El ombú de Cullen, testigo de la historia

Por Roque A. Sanguinetti 
El camino al que llaman “de la calle Nación” prolonga en el campo esa calle principal de San Nicolás. Saliendo de la ciudad ya es de tierra y a unos treinta kilómetros de su nacimiento ahora termina abruptamente sobre el Arroyo del Medio, frente a los restos de un puente de madera que las crecientes destruyeron. Es el mismo camino que utilizó el general Mitre para llevar a sus diecisiete mil hombres a la batalla de Pavón. Poco antes de su actual terminación, y cuando es apenas poco más que una huella, una antigua reja marca sobre el costado derecho el acceso a un callejón a cuyo fondo y no muy lejos se alza un ombú.
De no ser por esa reja, sería difícil encontrarlo entre las numerosas arboledas dispersas por la zona. Pero allá está, coetáneo de la Patria, con sus doscientos años, su tronco gigantesco y su inmenso follaje. Más solitario que cuando en el siglo XIX formaba parte de la Posta de Vergara, donde se bifurcaba el Camino Real, que arrancaba en Buenos Aires, y los viajeros que cruzaban la pampa descansaban bajo su sombra. Si habrá conocido amaneceres, noches estrelladas y tormentas, y habrá visto paisanos, gauchos matreros, milicos polvorientos y señores sacudiéndose las levitas.

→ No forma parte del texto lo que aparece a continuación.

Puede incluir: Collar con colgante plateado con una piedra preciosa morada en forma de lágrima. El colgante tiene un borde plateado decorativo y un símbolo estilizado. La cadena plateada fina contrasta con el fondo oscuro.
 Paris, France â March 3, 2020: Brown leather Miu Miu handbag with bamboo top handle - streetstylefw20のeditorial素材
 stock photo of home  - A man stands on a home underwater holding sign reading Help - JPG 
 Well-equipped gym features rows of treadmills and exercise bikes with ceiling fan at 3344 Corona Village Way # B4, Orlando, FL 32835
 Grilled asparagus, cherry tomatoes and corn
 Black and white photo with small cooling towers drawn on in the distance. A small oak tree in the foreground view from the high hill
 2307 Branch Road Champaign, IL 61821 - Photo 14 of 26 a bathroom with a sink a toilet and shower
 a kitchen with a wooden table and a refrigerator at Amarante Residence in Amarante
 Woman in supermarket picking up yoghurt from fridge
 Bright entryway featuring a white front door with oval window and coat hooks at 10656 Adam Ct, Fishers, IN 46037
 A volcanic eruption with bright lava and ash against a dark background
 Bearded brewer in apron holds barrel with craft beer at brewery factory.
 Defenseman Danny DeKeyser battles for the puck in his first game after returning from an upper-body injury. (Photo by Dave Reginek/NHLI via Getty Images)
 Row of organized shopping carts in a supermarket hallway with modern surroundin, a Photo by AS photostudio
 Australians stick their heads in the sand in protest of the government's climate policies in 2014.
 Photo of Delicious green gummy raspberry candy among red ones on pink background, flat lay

En los primeros días de junio de 1839, le llegó un mensaje a Felipe Ibarra, gobernador de Santiago del Estero, y poco después éste le dijo a su amigo Domingo Cullen, ex gobernador de Santa Fe, que había buscado su amparo huyendo de Rosas: “Compadre, póngase un buen par de medias de lana, que le van a remachar en los pies dos barras de grillos para mandarlo a Buenos Aires”. Y se lo llevaron nomás. La orden que venía del caserón de San Benito de Palermo era inapelable y se hacía complicado desobedecerla: “Me lo remite bien asegurado y con dos barras de grillos”. Recorrieron Santiago del Estero, atravesaron Santa Fe, cruzaron el Arroyo del Medio, y ni bien entraron en territorio de Buenos Aires se detuvieron en la Posta de Vergara. Allí, la patrulla entregó el prisionero a una partida rosista cuyo jefe le comunicó el resto de la orden, que era nada menos que la de ejecutarlo una vez que pisaran suelo bonaerense. Le dieron tiempo de escribir a su familia, un sacerdote de San Nicolás le administró los últimos sacramentos y lo fusilaron bajo el ombú, como muestran litografías de la época. Era el 22 de junio de 1839. Lo enterraron allí mismo, pero un año después el general Juan Lavalle rescató los restos y los llevó a la capital santafecina.
Con el tiempo, la Posta de Vergara desapareció, pero el ombú quedó ahí como obstinado testigo de la historia, creciendo y ensanchándose hasta alcanzar su inmenso tamaño actual. Frente a él se alza una vieja cruz de madera, sobre un basamento donde algunas placas homenajean al fusilado. Y alrededor del árbol forma un cuadrado otra gran reja, que pese a sus amplias dimensiones se está doblando porque apenas alcanza a contener el anchísimo tronco de formas caprichosas. Como la del ingreso, fue costeada y colocada hace muchos años por los descendientes de Cullen.
El silencio agrega solemnidad al olvidado sitio histórico. Un silencio sólo cortado por los pájaros que se asientan en el ombú, bisnietos de los que habrán levantado vuelo al oír la descarga y de los que sobrevolaron la larga fila del ejército mitrista.
Casi perdido en un lugar anónimo de la pampa, el gran árbol, el ombú de Cullen, es un patriarca entre sus pares, un monumento vegetal vivo que ha compartido todas las horas de la Patria. Que perdure. Y que no diga algún botánico que los ombúes no son árboles: esos tecnicismos no los desmerecen. Por algo el poeta les dedicó aquellos versos famosos.